**WHAT TO WORK ON**. Exclude all pictures from your copy of the data below, which should otherwise match exactly.

**SUPPLIED INFORMATION**.
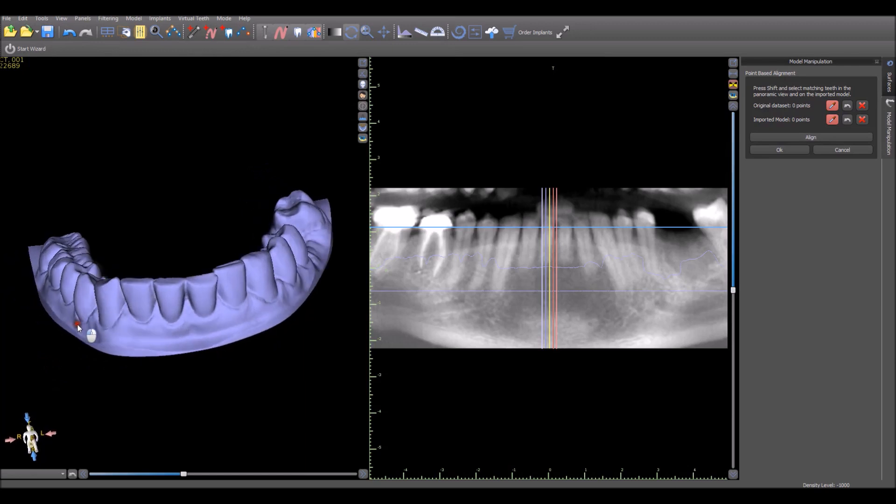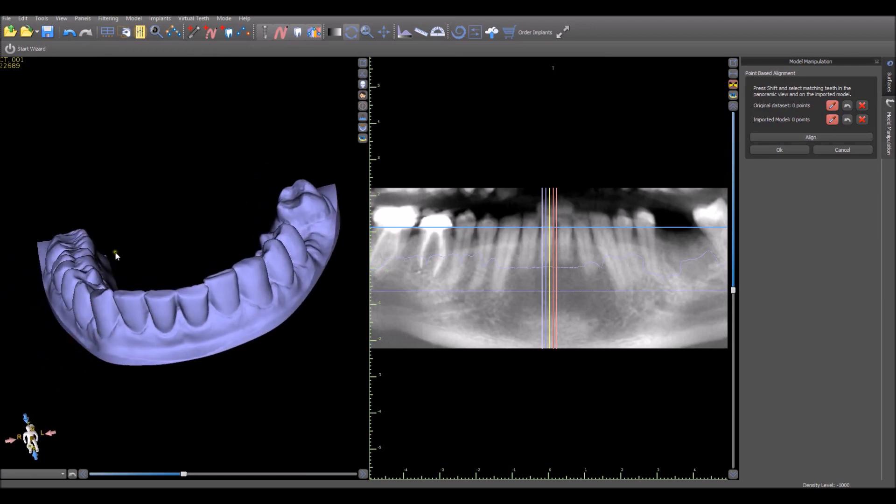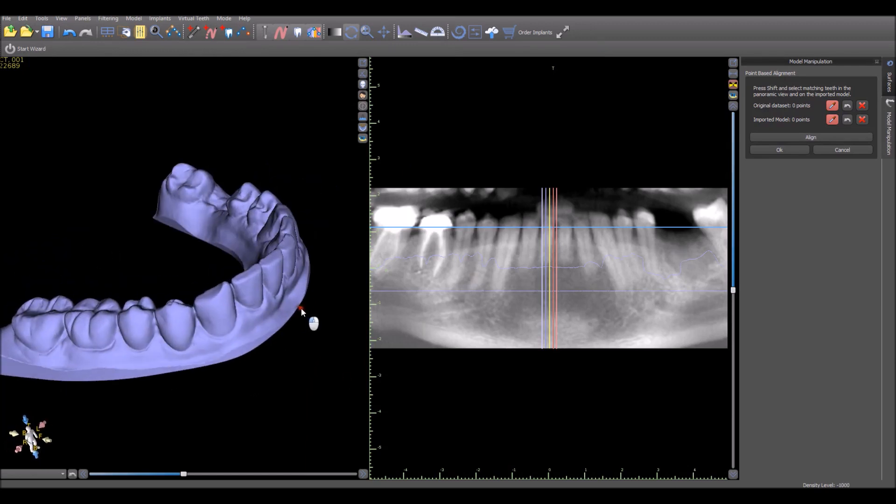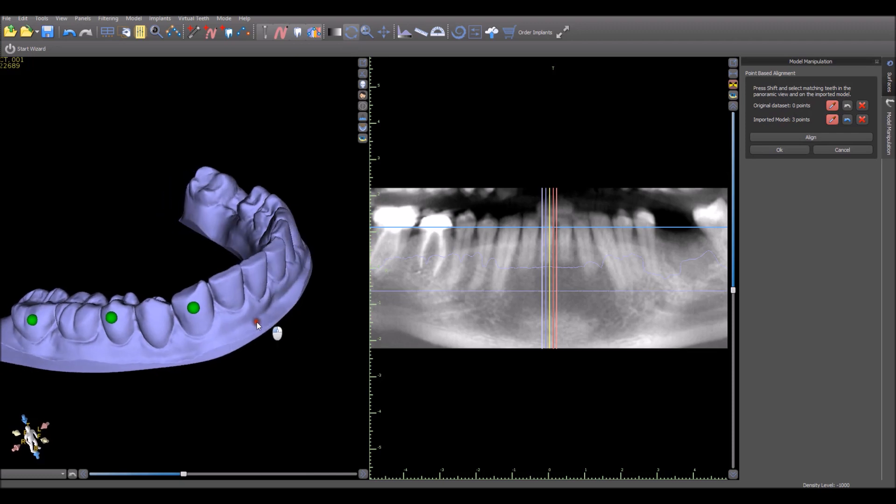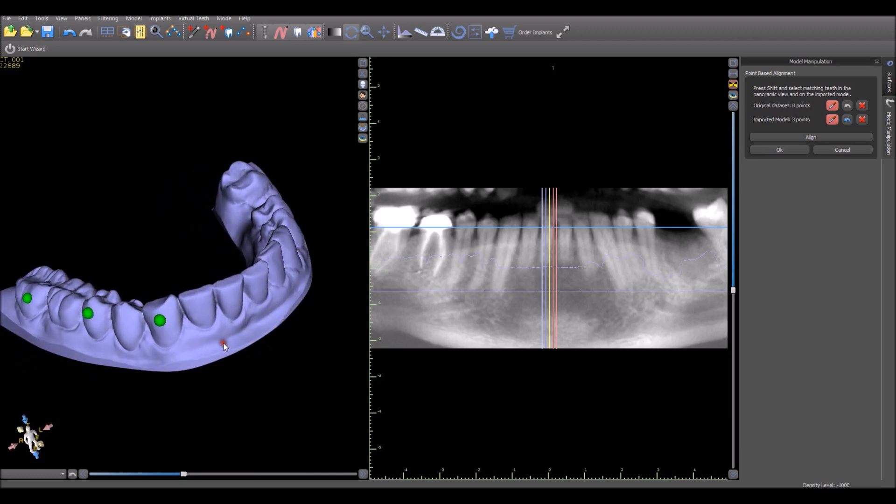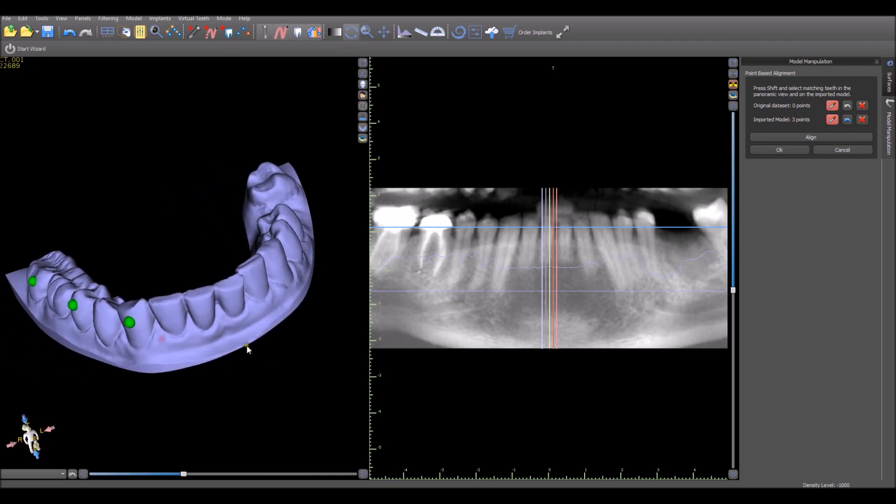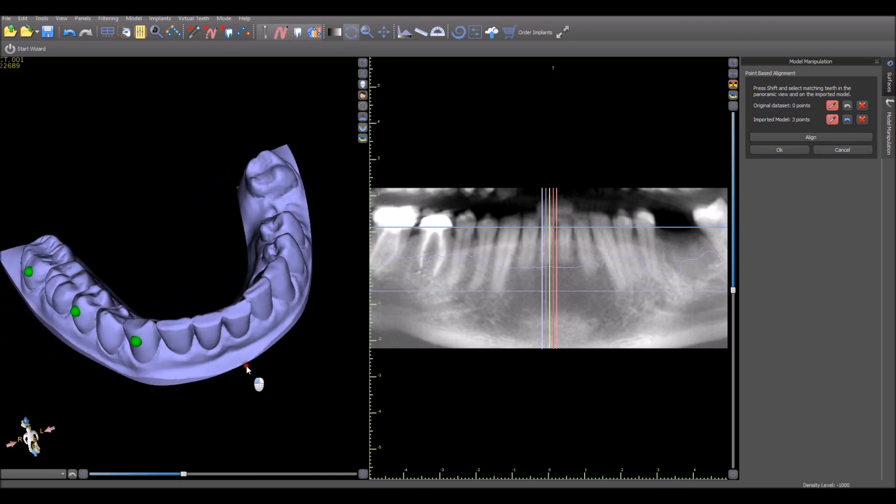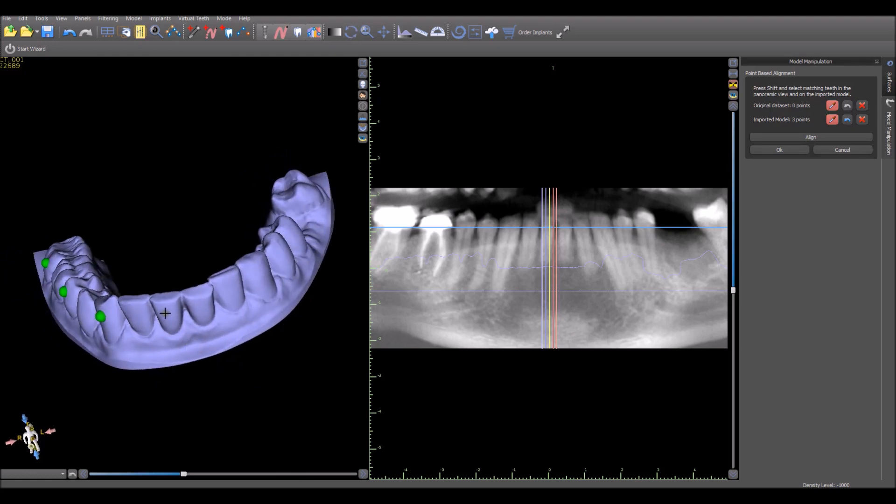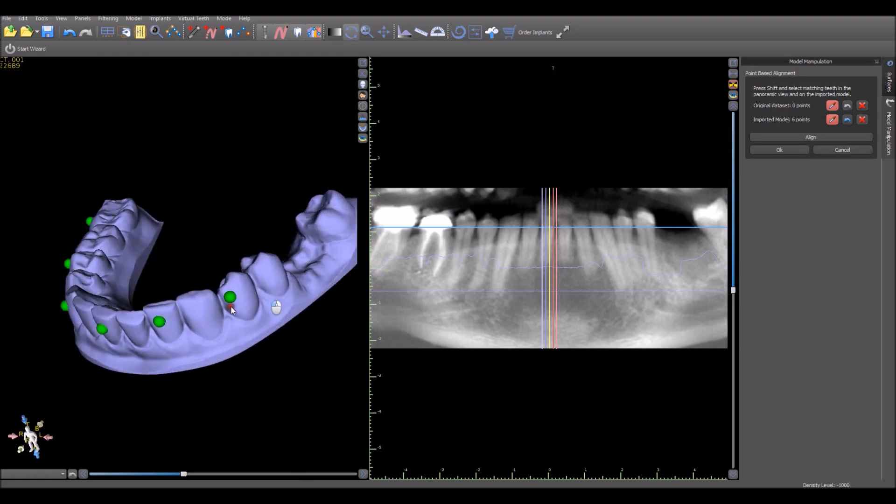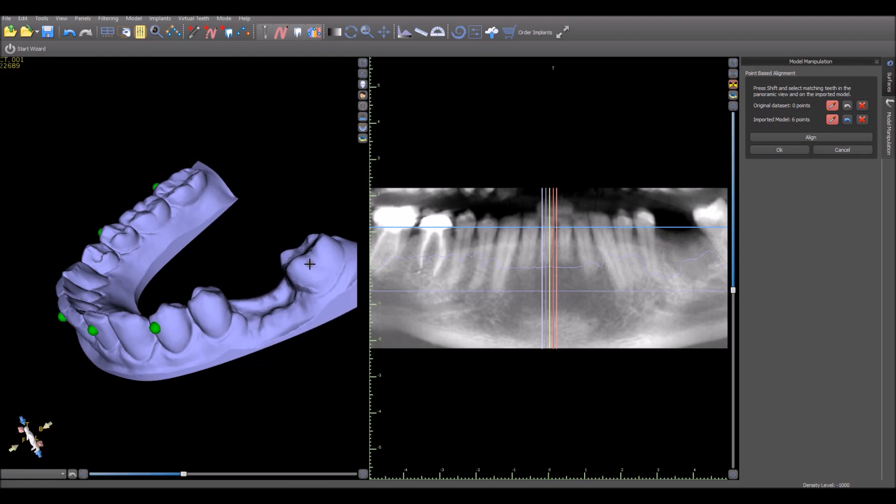Here you have the model showing up on the left side of the screen and the CT scan on the right side of the screen. What you want to do is hold down your Shift key to mark points. I usually mark every other tooth with a point. Just place the point in the center of the tooth. When you want to rotate, just let go of the Shift key. Use your left mouse button to rotate the model.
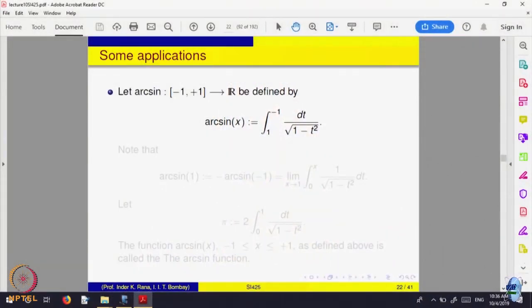This is the way of defining sin inverse, getting what -π/2 and π/2 are. Then you invert that function to get the sin function from [-π/2, π/2] to [-1, 1]. Since sin inverse is 1-to-1 onto, so is sin. If you look at the graph of that sin function and extend it periodically everywhere, that is a way of defining the trigonometric functions. In between, you also define what π is.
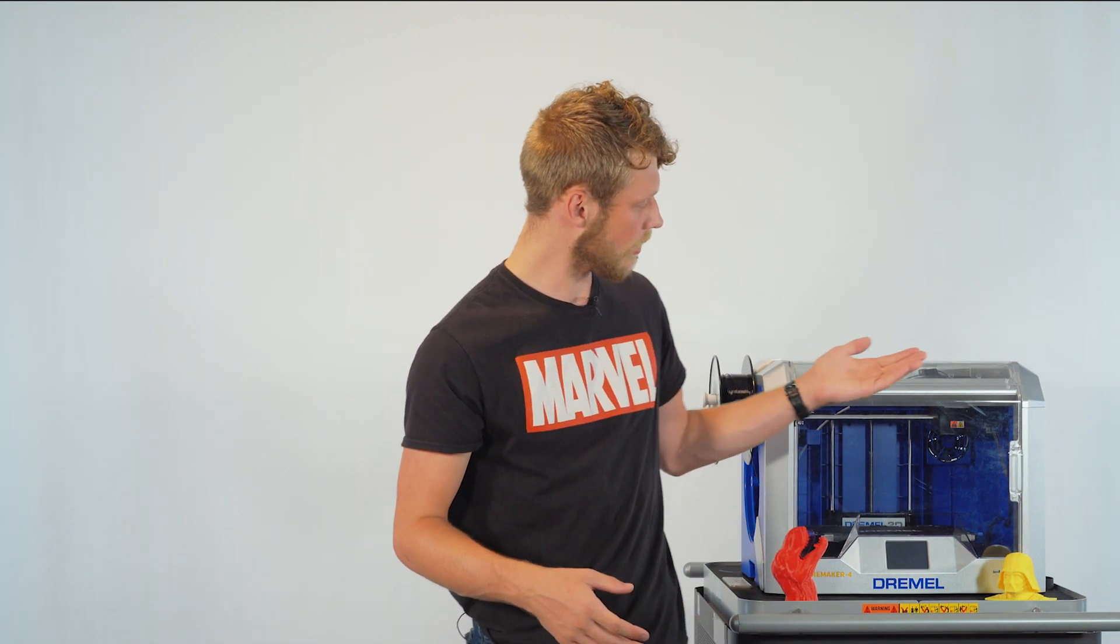We have a T-Rex, we have Darth Vader. I've built an Infinity Gauntlet right here, back when Endgame came out.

**EXERCISE ANSWER**.
Here you have the model showing up on the left side of the screen and the CT scan on the right side of the screen. What you want to do is hold down your Shift key to mark points. I usually mark every other tooth with a point. Just place the point in the center of the tooth. When you want to rotate, just let go of the Shift key. Use your left mouse button to rotate the model.
This is the way of defining sin inverse, getting what -π/2 and π/2 are. Then you invert that function to get the sin function from [-π/2, π/2] to [-1, 1]. Since sin inverse is 1-to-1 onto, so is sin. If you look at the graph of that sin function and extend it periodically everywhere, that is a way of defining the trigonometric functions. In between, you also define what π is.
We have a T-Rex, we have Darth Vader. I've built an Infinity Gauntlet right here, back when Endgame came out.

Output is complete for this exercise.